PROBLEM REQUIREMENTS -
Please output the section of the listing below that opens with the line containing "Panasonic 饤 XAD1403VCE1þʾLEDη¡ʰΡѤ䡡Ҹ" and closes with the line containing "ReliefCupping™ - מכשיר", exactly and with nothing else.

TASK INPUTS -
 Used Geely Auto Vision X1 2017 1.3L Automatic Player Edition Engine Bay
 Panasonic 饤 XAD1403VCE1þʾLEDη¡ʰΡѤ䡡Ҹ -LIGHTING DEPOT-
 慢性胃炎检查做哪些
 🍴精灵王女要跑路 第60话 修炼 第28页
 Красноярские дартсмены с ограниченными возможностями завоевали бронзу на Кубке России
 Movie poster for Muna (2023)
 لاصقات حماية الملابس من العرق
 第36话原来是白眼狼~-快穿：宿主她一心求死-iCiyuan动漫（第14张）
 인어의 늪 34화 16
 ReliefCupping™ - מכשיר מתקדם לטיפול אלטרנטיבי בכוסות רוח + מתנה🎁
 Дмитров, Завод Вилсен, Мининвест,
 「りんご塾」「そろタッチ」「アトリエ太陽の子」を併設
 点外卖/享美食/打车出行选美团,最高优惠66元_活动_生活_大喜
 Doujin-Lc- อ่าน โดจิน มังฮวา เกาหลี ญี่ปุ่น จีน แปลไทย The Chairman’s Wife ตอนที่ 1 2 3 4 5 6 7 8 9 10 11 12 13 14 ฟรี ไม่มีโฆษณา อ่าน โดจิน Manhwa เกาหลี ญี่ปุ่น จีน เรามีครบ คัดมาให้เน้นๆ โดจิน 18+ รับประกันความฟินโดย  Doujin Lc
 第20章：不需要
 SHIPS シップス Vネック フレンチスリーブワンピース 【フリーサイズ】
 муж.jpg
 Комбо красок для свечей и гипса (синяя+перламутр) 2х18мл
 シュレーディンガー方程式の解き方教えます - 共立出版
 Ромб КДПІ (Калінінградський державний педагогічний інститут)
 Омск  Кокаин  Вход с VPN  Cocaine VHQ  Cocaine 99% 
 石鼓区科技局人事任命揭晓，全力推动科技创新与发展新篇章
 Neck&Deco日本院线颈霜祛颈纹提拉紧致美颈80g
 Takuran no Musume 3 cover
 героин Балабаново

REPLY -
 Panasonic 饤 XAD1403VCE1þʾLEDη¡ʰΡѤ䡡Ҹ -LIGHTING DEPOT-
 慢性胃炎检查做哪些
 🍴精灵王女要跑路 第60话 修炼 第28页
 Красноярские дартсмены с ограниченными возможностями завоевали бронзу на Кубке России
 Movie poster for Muna (2023)
 لاصقات حماية الملابس من العرق
 第36话原来是白眼狼~-快穿：宿主她一心求死-iCiyuan动漫（第14张）
 인어의 늪 34화 16
 ReliefCupping™ - מכשיר מתקדם לטיפול אלטרנטיבי בכוסות רוח + מתנה🎁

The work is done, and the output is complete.